SIMPLIFY 2021

1st International Workshop on Data Analytics and Machine Learning Made Simple

Co-located with EDBT 2021, Nicosia, CyprusOnline, March 23, 2021

Call for Papers


Scope

There exists a plethora of current applications, with widely different characteristics though, that are generating and need to process massive amounts of static or streaming data. For example, Data Lakes gather large amounts of diverse data from a multitude of data sources with the aim to enable data analysts to perform ad hoc, self-service analytics, and to train machine learning models, reducing the time from data to insights. These operations are also particularly challenging in the case of applications that are processing streaming Big Data.

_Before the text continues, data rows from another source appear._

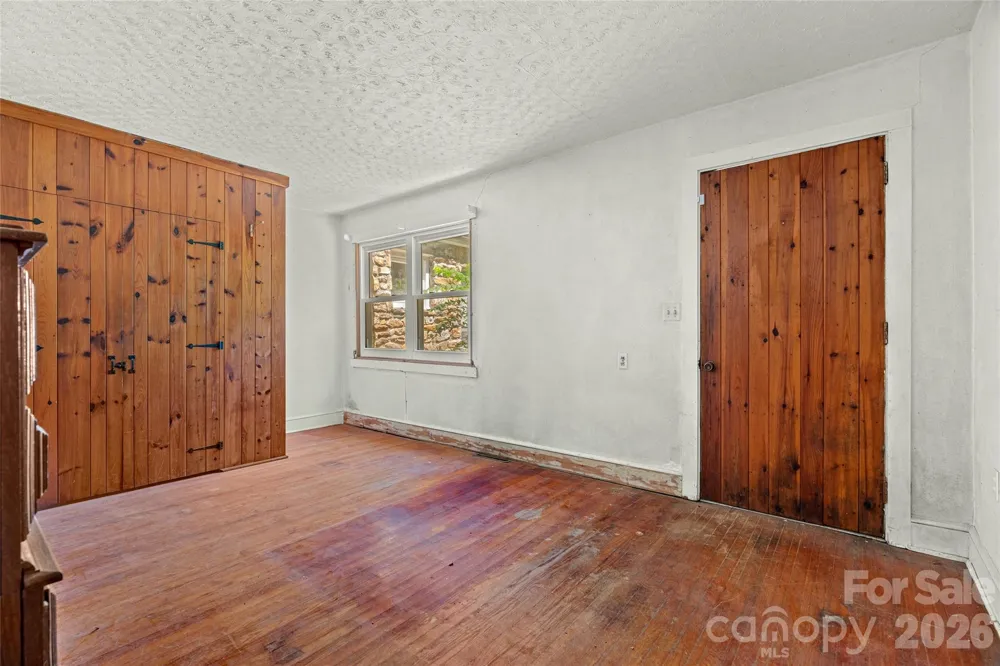 48 & 49 Cedar Mountain Road Asheville, NC 28803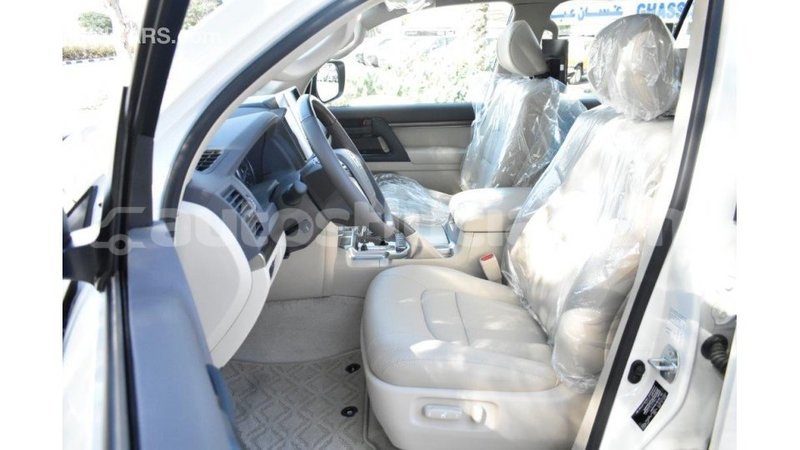 Big with watermark toyota land cruiser anse la raye import dubai 1750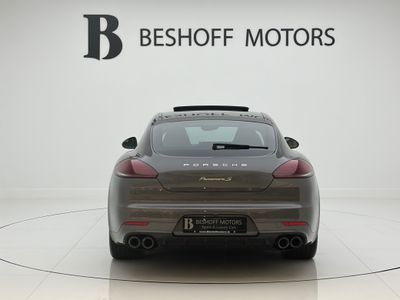 2016 Porsche Panamera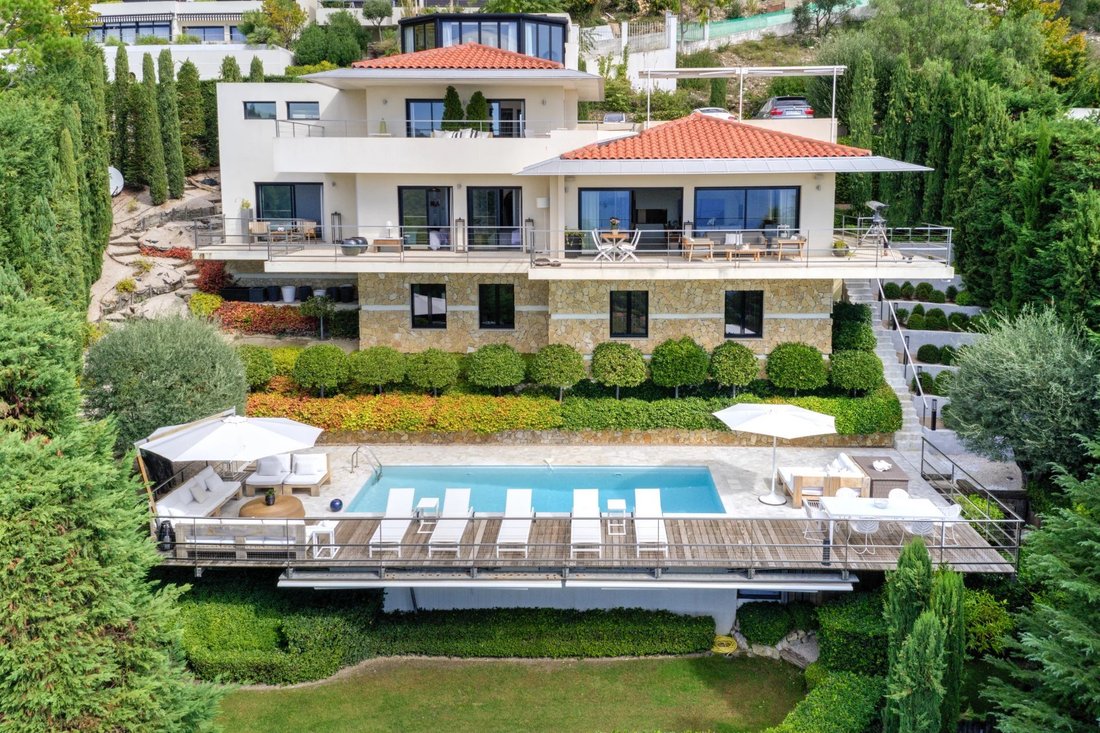 House in Èze, Provence-Alpes-Côte d'Azur, France 2 - 12259407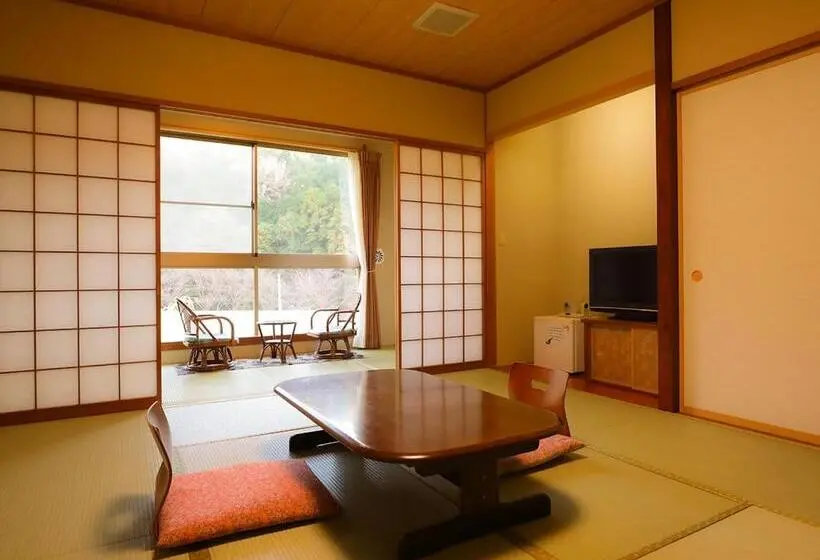 Standard Neljän Hengen Huone, 水と緑のやすらぎの宿　一の瀬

Achieving this goal requires addressing various challenges relating to data volume, velocity, dynamicity, heterogeneity, and potentially (geo-)distributed data processing.

Although there exists a plethora of techniques, algorithms and tools to manage, query and analyze various types of data, they typically require a high degree of data management skills and expertise, as well as significant time and effort for data preparation, parameter tuning and design and implementation of data analytics and machine learning pipelines.

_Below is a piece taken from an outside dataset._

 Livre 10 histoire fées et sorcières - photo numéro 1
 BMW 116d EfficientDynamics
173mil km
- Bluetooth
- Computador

The aim of the SIMPLIFY workshop is to bring together computer scientists with interests in this field to present recent innovations, find topics of common interest and to stimulate further development of new approaches that greatly simplify the work of a data analyst when performing data analytics, or when employing machine learning algorithms, over Big Data.



Topics

Topics of interest include (but are not limited to):
      Novel architectures for data analytics and ML over data lakes
      Novel architectures for data analytics and online ML over streaming data
      Query processing over heterogeneous data
      Query processing over geo-distributed data
      Query optimization of data processing workflows
      Algorithms for mining and analytics over heterogeneous data
      Algorithms for online machine learning and data mining
      Similarity search and entity resolution
      Interactive data exploration
      Visual analytics over heterogeneous data
      Deep learning platforms
      Application papers demonstrating the impact of techniques relevant to SIMPLIFY



Submission guidelines

We invite submissions of novel research, completed or in-progress work, vision, and system papers. The page limit for regular research papers is 6 pages. Additionally, we welcome submission of short papers, up to 4 pages, of the following types: (a) papers that describe ongoing work that has not yet reached the maturity required for a full research paper; (b) vision papers that describe a vision for the future of the field; (c) system/application papers and demos.

Papers must present original work and not have been submitted or accepted for publication in any other workshop, conference or journal.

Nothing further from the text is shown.